Technology and entrepreneurial conference

SXSW V2V was an annual technology and entrepreneurship conference that served as a spin-off from the South by Southwest (SXSW) festival, running from 2013 to 2015. The event was held in Las Vegas, Nevada, marking the first time an SXSW-branded event took place outside of its traditional home in Austin, Texas. Created as an evolution of the startup competition from SXSW Interactive, SXSW V2V expanded its scope to include a vibrant blend of activities designed to support entrepreneurs and startups. The conference featured a dynamic mix of programming, including a high-profile startup competition that showcased emerging companies, interactive panel discussions led by industry experts, and mentoring workshops aimed at providing practical guidance to business founders. Beyond its professional agenda, SXSW V2V embraced the creative and cultural spirit of its parent festival, with a robust after-hours lineup that included live comedy performances, film screenings, and music showcases, offering attendees opportunities to network and unwind in an engaging, multidisciplinary environment.

==About==
The company said variously that V2V stands for "Vision to Venture", "Visionaries to Vegas", and “Voice to Voice", describing the focus of the conference on finding, financing, and developing new businesses. The conference started with the recognition that the three large spring festivals that SXSW, Inc. holds in Austin were straining the hotel capacity of that city.

==V2Venture Competition==

One of the main events was the V2Venture startup competition, where startup companies competed under five categories.
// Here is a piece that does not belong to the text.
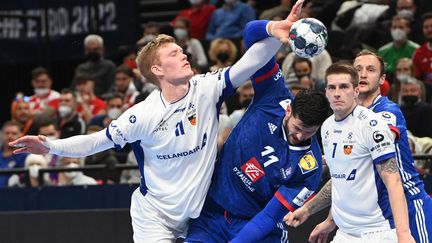 Nicolas Tournat et les Bleus ont été défaits par l'Islande samedi 22 février (29-21) lors de l'Euro 2022. (ATTILA KISBENEDEK / AFP)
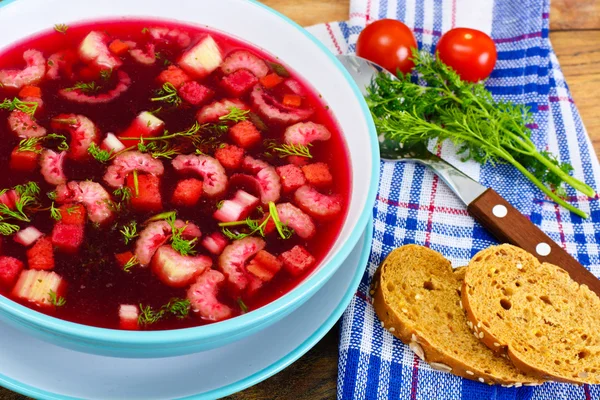 Pancar, domates ve kereviz çorbası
Participating companies represented the fields of Culture and Education Technology, Education Technology, Health Technology, Innovative World Technologies, and Mobile and Tablet Technology.

===Finalists===
Trackster, the world's first studio network for the re-amping of guitar recordings, was a finalist in the "Culture and Entertainment Technology" category in 2013.

3DLT, a company that serves as a repository of 3D printing designs, was a finalist in the "Innovative World Technology" category in 2013, as was Cl3ver, a real time 3D engine to share interactive scenes on any online device.

==Notable speakers==
Speakers at the inaugural event included Zappos founder and CEO Tony Hsieh.